The area, home to a series
of major cultures over almost two dozen
centuries, is policed by two officials from
the National Institute of Culture who share
a bicycle to patrol the vast zone, located in one of the
driest deserts on Earth. "When I look at the
problems we face and the lack of funds to
combat them, I feel like a grain of sand on a beach being covered by a wave,"
Urbano said.
One of the most troubling
problems has been the surge in tomb-looting.

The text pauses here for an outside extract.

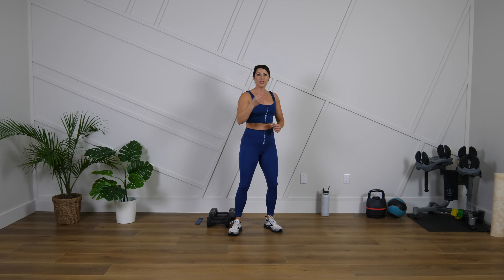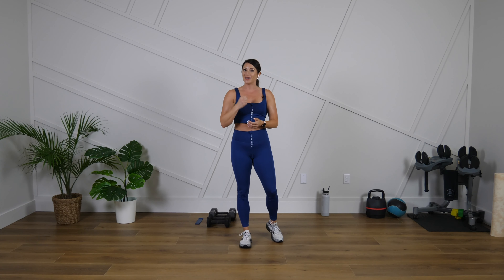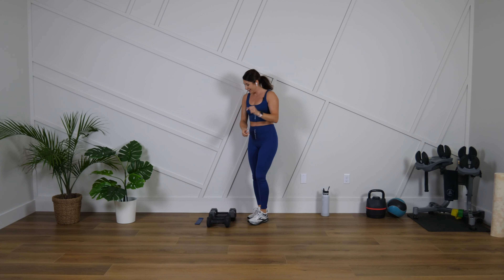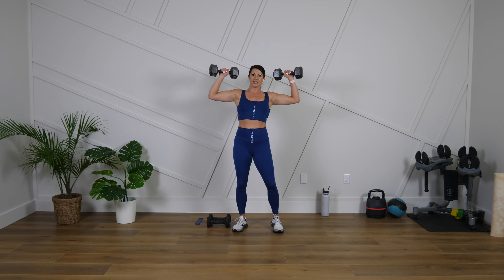We're going to do the shoulder press for about 40 to 45 seconds. Grab a weight that you think you can challenge yourself with but be able to get through that full 45 seconds. We go in three, two, one — let's go.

Typically scavenging the sands at night with
steel poles used to detect hidden tombs or
buried ceramics, the raiders have become bold. This
month, a pair of thieves could be spotted
from the air in broad daylight tearing open
a tomb near the citadel of
Cahuachi, a structure that dates to the
2,000-year-old Nazca culture that is
believed to have constructed the Lines.
A recession and record
unemployment have led some residents to
become professional relic scavengers. Only a
portion of the wealth hidden in tombs across
the coastal desert has been discovered. One
piece of ancient pottery can fetch $50, more
than a month's salary for day laborers, from
black-market dealers who then sell the pieces for several times that price
to Peruvian or foreign collectors.
Prized textiles and gold
ornaments sell for much more, often fetching
tens of thousands to hundreds of thousands
of dollars on the international market.
While it is against Peruvian law to remove
pre-Columbian
artifacts from the country, "artifact
mafias" run by American, Italian and Swiss
dealers have become expert in spiriting out objects, officials say.
The destruction of the
Nazca Lines has started to worry tourism
companies that make a living off them. Next
month, Aero Condor, the Lima-based airline
offering the largest number of tourist flights over
the Lines, will launch the Nazca Patrol, a
partnership with local police to track and
catch tomb raiders with the aid of a newly
purchased ultralight aircraft.
"That's what we have to
stop!" shouted Eduardo Herran, a pilot and
the coordinator of the Nazca Patrol, as he
pointed at two men with shovels jumping for
cover into a dug-up tomb during a low overflight
of the Lines. "They have become so audacious
that sometimes they don't even try to hide."
Peruvian archaeologists
say that as frustrating as the looting is,
an even greater challenge is the lack of
funding that prevents them from performing
the work that would unlock answers to vital questions
about the earliest periods of human
civilization in the New World.
On a windy afternoon
recently at the Caral ruins, two Peruvian
archaeologists earning $2.40 a day toiled
under the desert sun. Although
archaeologists have worked here continually for the past four years,
less than 5 percent of the site has been
explored. Without equipment, workers,
chemists or engineers, most of the massive
pyramids, temples and houses remain covered
with rock and sand.
"And that's probably the
way they will stay for a long time," said
Rudy Peralta, one of the two archaeologists
digging here with the help of a day laborer.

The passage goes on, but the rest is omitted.